BANGJO, begitulah orang di jawa
menyebutnya, tempat dimana orang bisa saling berbagi kesempatan untuk bertoleransi
pada aturan yang sama. Abang (merah) saat dimana harus menunggu angka yang
terhitung mundur untuk berhenti, sedangkan Ijo (hijau) ketika harus kembali
bergerak maju.
Lalu.... Kuning ?
Kuning bagi saya punya ekspektasi
yang tersendiri untuk bisa dimengerti dimana ruang diam di ruas jalan tersebut bisa kembali bralih pada tempat dan fungsi
yang selayaknya.
Jika melihat situasi realitas
yang terjadi di tempat tersebut, terkadang membuat kita prihatin bahkan mencibir.
Bagi sebagian orang tempat itu dipakai untuk mencari penghidupan yang lebih
baik. Bermacam karakter orang dalam mencari nafkah di perempatan lalu lintas,
mulai dari peminta-minta yang sudah tua renta, hingga anak balita yang belum
cukup usia, pengamen jalanan, penjual asongan, sampai jasa bersih bersih
kendaraan bermotor. Terik matahari di siang hari tidak menjadi kendala begitu pula
saat dinginnya hari di malam gelap. Aktivitas para pencari nafkah di perempatan
lampu lalu lintas seakan tidak pernah lelah mengadahkan telapak tangan dengan
memasang raut wajah memelas berharap para pengendara yang berhenti merasa iba
dan memberi receh dari saku mereka.
Meski ada yang setengah ikhlas, terpaksa, tetapi ada yang tidak masalah
mengeluarkan ratusan bahkan ribuan dari saku pengendara.
Hal ini sebenarnya sangat
bertolak belakang dengan realitas kehidupan yang dihadapi.

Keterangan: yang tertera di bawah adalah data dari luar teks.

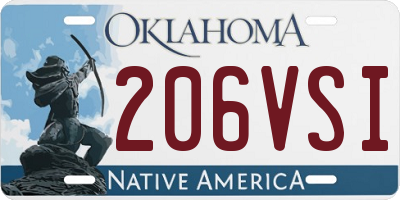 OK license plate 206VSI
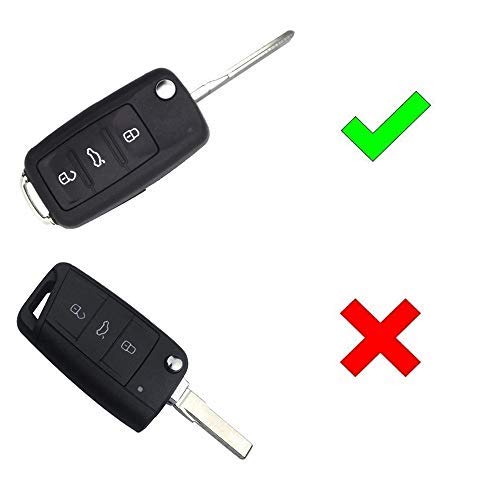 Premium Carbon Fiber Key Fob Shell Case Cover for Volkswagen VW Golf GTI R32 Jetta Rabbit Passat Beetle Polo - Durable & Lightweight Replacement Key Fob Housing (Perfect for Car Enthusiasts & Daily Protection)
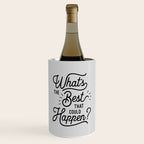 What's The Best That Could Happen Typography Print Wall Art Home Decor Wine Chiller Gallery Image 1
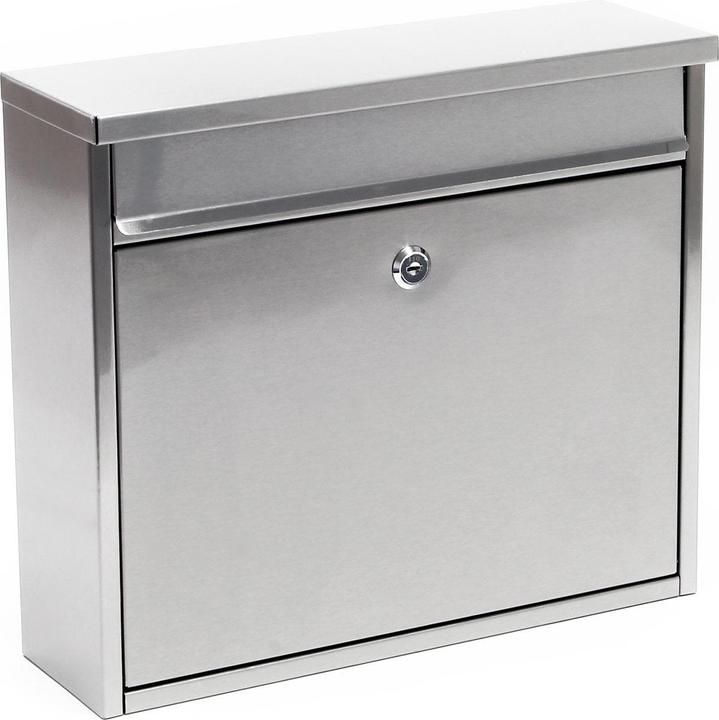 Wiltec Boîte aux lettres en acier inoxydable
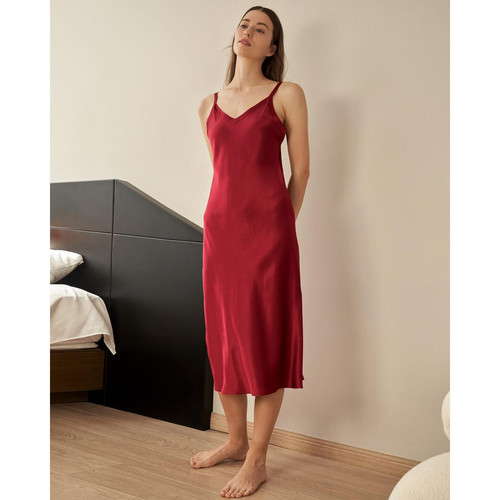 Chemise De nuit En Soie  Robe Sexy Pour Femme rouge Lilysilk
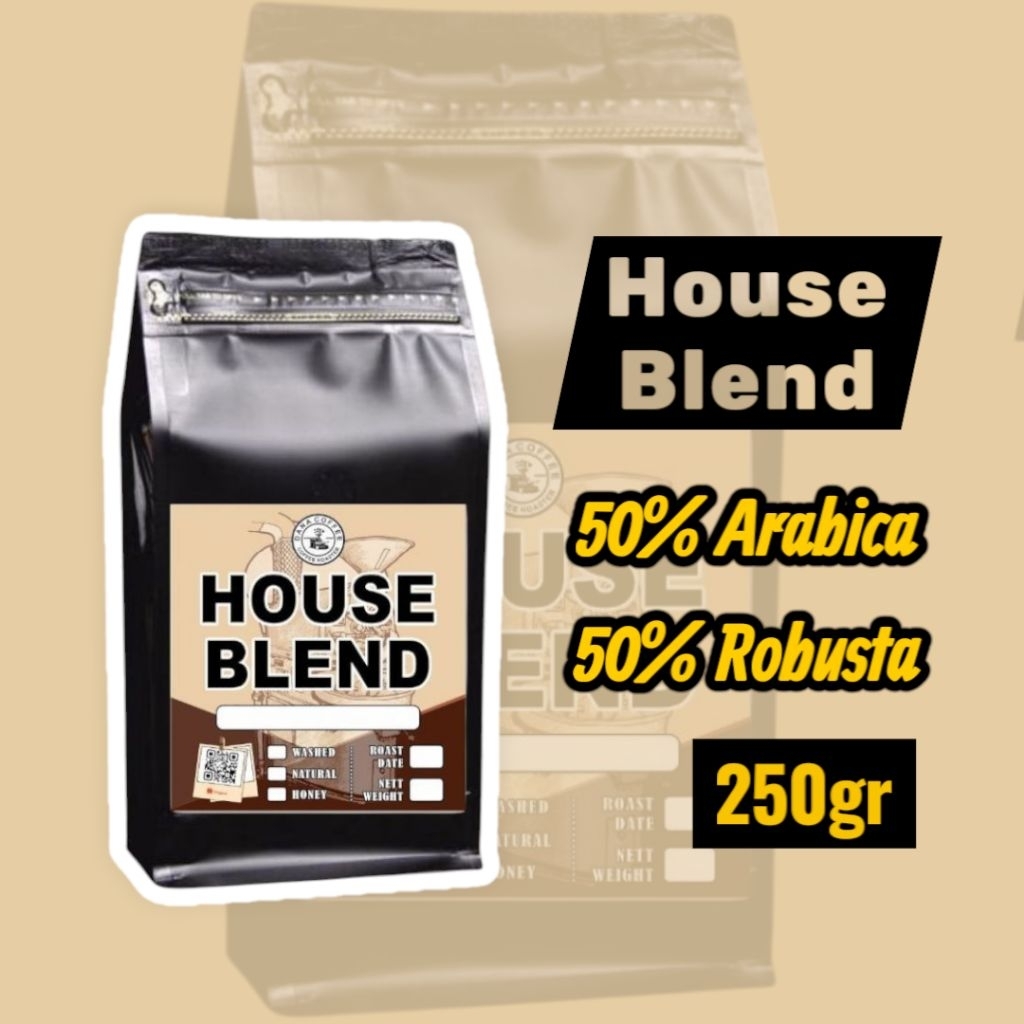 

Biji kopi espresso huose blend es kopi susu arabica 50% robusta 50% : 250gr
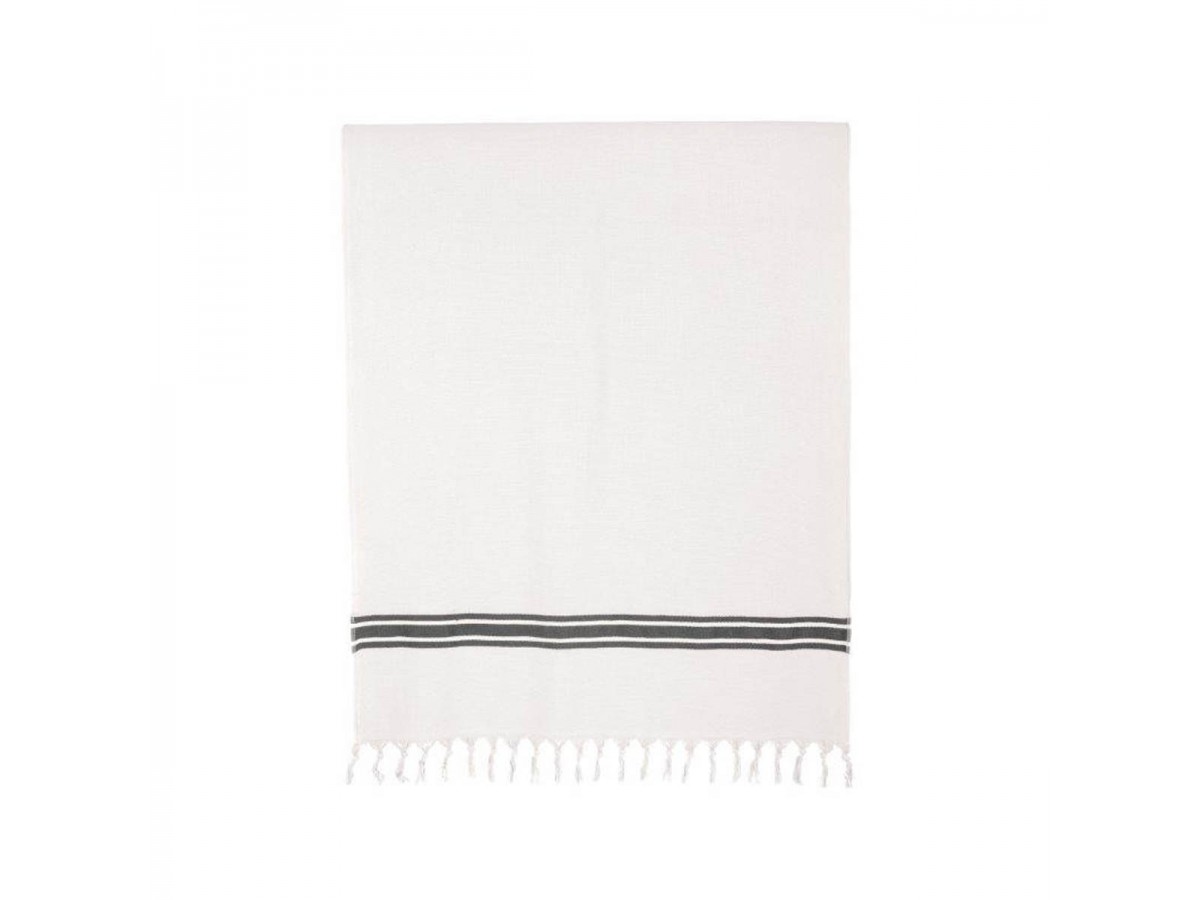 Drap de plage Tuitti - Haomy - Blanc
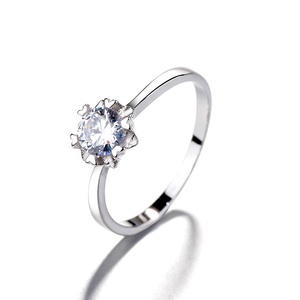 Anillo <span class=keywords><strong>de</strong></span> compromiso <span class=keywords><strong>de</strong></span> <span class=keywords><strong>Plata</strong></span> <span class=keywords><strong>de</strong></span> Ley <span class=keywords><strong>925</strong></span> con diseño Simple personalizado - Product Image 5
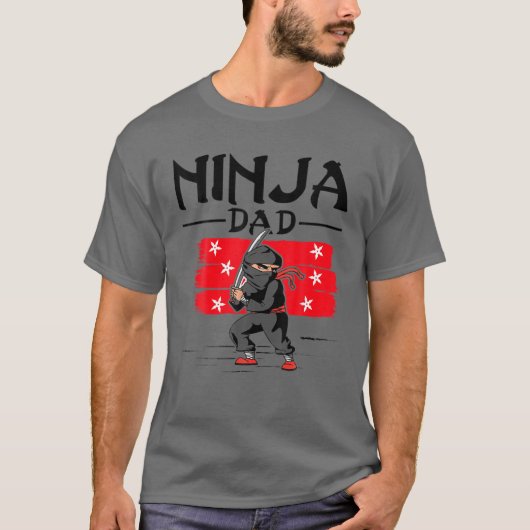 サムライ – ファザー忍者パパ Tシャツ (正面)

Disatu sisi kita
bisa melihat tidak ada rasa malu, canggung dan putus asa tetapi si sisi lain sangat
berarti bagi para pengais rejeki jalanan yang mampu menghidupi keluarga. Mengumpulkan
receh demi receh dan dalam satu hari dapat menghasilkan uang yang cukup besar
jumlahnya, mungkin tidak sebanding upah buruh yang bekerja secara terstruktur dengan
hasil yang tidak seberapa. Meskipun tidak bisa di prediksi dengan pasti namun
keuntungan yang di dapat jauh lebih besar dari yang di perkirakan.